Making History

We must make history to prevent climate change catastrophe.

Don’t believe Margaret Mead’s famous quotation, “Never doubt that a small group of thoughtful, committed citizens can change the world. Indeed, it is the only thing that ever has.”

Social change is made by wielding the power to overcome those defending the status quo. For most of us, that power comes in the form of people – and more people equals more power. The hard work of building that power is how we make history.

Social change is made from the bottom up. Civil rights pioneer Ella Baker got it right when, speaking of Martin Luther King, she asserted, “Martin didn’t make the movement, the movement made Martin.”

In fact, the seeds of social change are planted decades before they fully bloom. What may seem like spontaneous outbursts of activity are the product of generations of agitation, experimentation, and the germination and spread of ideas. From this cauldron, leaders emerge, strategies take shape, public opinion is transformed, and movements are forged.

Baker would know: She began training civil rights activists in the 1940s, including Rosa Parks, years before her celebrated bus ride.

In fact, the history of social change contains numerous miscalculations, failures, and bold tactics that break ground for the future. For example, the 1960 lunch counter sit-in in Greensboro, South Carolina caught fire, inspiring similar demonstrations throughout the South. But previous sit-ins, going back decades, did not.

History is full of setbacks, persistence, and the painstaking work of movement-building. It took many decades for women to win the right to vote in the United States. This struggle was replete with evolving strategies and tactics, bitterly opposed factions, and the slow alignment of forces in favor of women’s suffrage.

History is made by unknown heroes. These are people who clear the path, lay the groundwork, and carry out the day-to-day work. For every prominent leader like King, there were thousands of women and men producing leaflets, canvassing their neighbors, and organizing meetings and demonstrations – people without whom there would have been no Civil Rights Movement.

There’s nothing inevitable about social change. We live within systems – economic, political, cultural – with rules and structures that may appear or feel “natural.”  But these are all social creations, made and maintained by people despite the harm they may do. Too often, we are not conscious of these systems, nor do we recognize the possibility of changing them, or know how to change them.

But sparks of awareness can culminate in the creation of new possibilities. Acts of tolerance, courage, and creativity that inspire and motivate others. The sharing of information and ideas. Making connections, creating relationships, building networks. All of these actions, big and small, help create the conditions and produce the resources necessary for social change.

And when widespread awareness is paired with mass action, possibilities can become new realities. The pain of unfulfilled needs and wants, the demands for fairness and justice, can be stifled no longer.

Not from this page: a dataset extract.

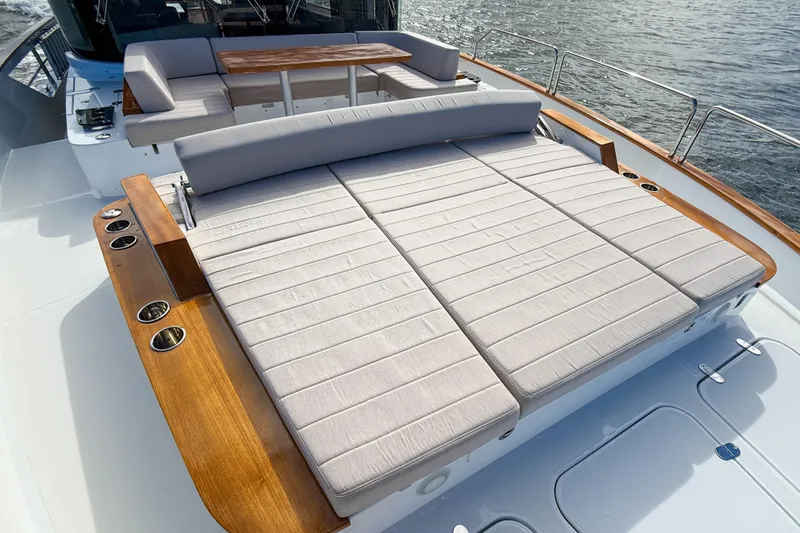 Slide: The Image of Luxurious 2023 Sirena 68 yacht deck with spacious sunbathing area and elegant seating. - 60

And the tidal wave of power can overwhelm those trying to hold it back.

In recent years, we have experienced immense changes in the United States, including the election of a Black president and the growing legalization of same-sex marriage, all of it the result of years of slow, hard work against forces of resistance.

Unfortunately, the threat of climate change requires us to adopt a new timetable. We do not have decades to bring about rapid societal transformation. External events – albeit, with human causes – such as hurricanes and other weather-related catastrophes may help create the awareness necessary to end our reliance on fossil fuels.

But history has taught us this: Change is not inevitable. We must create the movements, nurture the leaders, sustain the organizations, and build the power necessary to overcome those whose interests are opposed to us. We must make history.